Myth in the Making

For better or for worse, myths have always been used to cement societies. What was the effective role of the “War on Terror” narrative after 9/11 and why is the American public so prone to endorse myth making?

This post belongs to a reading series of Democracy Incorporated by Sheldon S. Wolin. For quick access to all chapters, please click here.

Disclaimer: This chapter summary is personal work and an invitation to read the book itself for a detailed view of all the author’s ideas.

“In the aftermath of September 11 the American citizen was propelled into the realm of mythology, a new and different dimension of being, unworldly, where occult forces were bent on destroying a world that had been created for the children of light,” says the author. This chapter of Democracy Incorporated examines how the use of a myth is integral to totalitarianism’s political dystopia, where good and bad are opposed in absolute ways.


At the outset of the so-called “War on Terror,” invading Iraq to uproot the terrorist networks that committed the 9/11 attack made as much sense as invading Mexico. But a myth, as Sheldon Wolin points out, presents “a narrative of exploits, not an argument or a demonstration. It does not make the world intelligible, only dramatic.” Facts, reason, and human consideration could not matter, then, and they did not. The need to tally Iraqi civilian casualties was not even remotely felt like a necessity in mainstream media, for instance. In that “new and different dimension of being,” it suddenly made sense to disregard the hundreds of thousands of Iraqi deaths brought as an answer to the thousands of American ones on 9/11, even though Iraq had had absolutely nothing to do with the attack on that day and terrorism in general.

Regarding the revival of American exceptionalism under the war on terror, Sheldon Wolin reports that “The underlying metaphysic to these dreams of glory, of an ‘American century,’ of Superpower, was revealed in the musings of a high-level administration official when he or she attributed a view of ‘reality’ to reporters and then contrasted it with that held by the administration: reporters and commentators were ‘in what we [i.e., the administration] call the reality-based community [which] believe[s] that solutions emerge from your judicious study of discernible reality.
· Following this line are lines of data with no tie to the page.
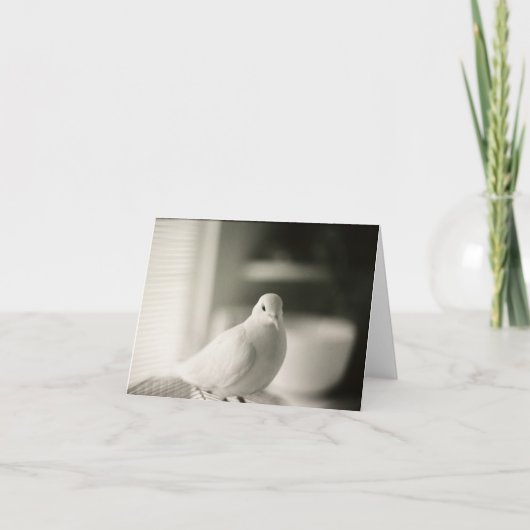 Dove Blank Kaart (Voorkant)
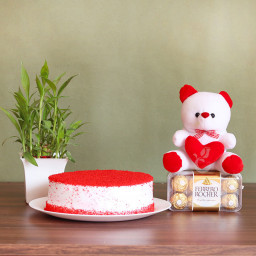 Pure Love: A Gift Combo of 16 Ferrero Rocher, 0.5 Kg Red Velvet Cake, 6 Inch Teddy, and Lucky Bamboo Pure Love: A Gift Combo of 16 Ferrero Rocher, 0.5 Kg Red Velvet Cake, 6 Inch Teddy, and Lucky Bamboo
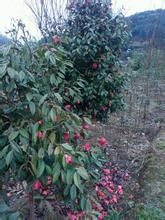 栓皮紅山茶 栓皮紅山茶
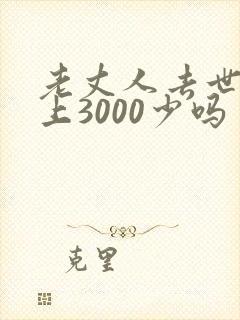 老丈人去世女婿上3000少吗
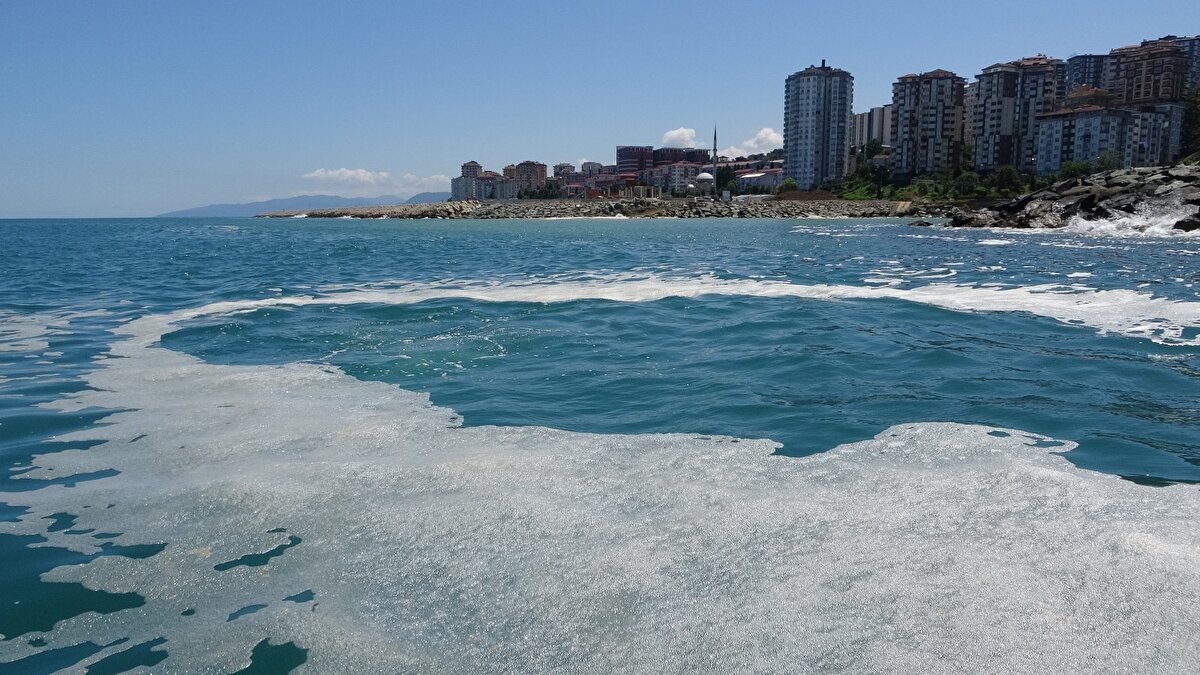 Doç. Dr. Ertuğrul Ağırbaş “Üniversitemize gelen ihbar üzerine balıkçı barınağında çekilen bir fotoğraf üzerine Karadeniz Araştırma Gemimizle beraber denizdeki durumu incelemek için bir çalıştırma gerçekleştirdik" dedi.

Ağırbaş, "Yaptığımız incelemelerde elde ettiğimiz bilgiler ile durumun deniz salyası olmadığı ve denizdeki dalgalanmadan dolayı köpüklenme olduğu kanısına vardık. Ancak aldığımız numuneleri laboratuvarda test ederek daha sağlıklı sonuçlar elde edeceğiz” açıklamasında bulundu.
That’s not the way the world works anymore. We’re an empire now, we create our own reality. And while you’re studying that reality—judiciously as you will—we’ll act again, creating other new realities, which you can study, too, and that’s how things will sort out. We’re history’s actors… and you, all of you, will be left to just study what we do.’”1 Such a statement seems definitely closer to the inspiration behind The Triumph of the Will, Leni Riefenstahl’s famous (or infamous) 1934 propaganda tribute to Hitler, than to a rational and reasonable democratic intent.

Sheldon Wolin argues that in the aftermath of 9/11, the United States government seized the opportunity to make its leadership in the fight against evil appear as a self-evident, using the same myth to rule domestically through fear and ignorance. As mainstream media knew almost instinctively what to do to fall in line, transparency and accountability became indeed the war on terror’s instant casualties under Washington’s auspices. Making the iconography of terror obsessive enough, “[The mainstream media] then announced, disingenuously, that “9/11 had forever been printed on the national consciousness.” Which is to say, according to Sheldon Wolin, that “the date was enshrined and readied, not merely to justify but to sanctify the power of those pledged to be its avengers.”2 Any critical approach concerning the exact circumstances and deeper causes of what had happened was to be ignored: “September 11 became that rare phenomenon in contemporary life, an unambiguous truth, one that dissolved contradictions, the ambiguities of politics, the claims and counterclaims of political ideologies and pundits. Critics transformed themselves into penitents defending a preventive war as just and celebrating a constitution sufficiently flexible to be suspended at the pleasure of the chief executive.”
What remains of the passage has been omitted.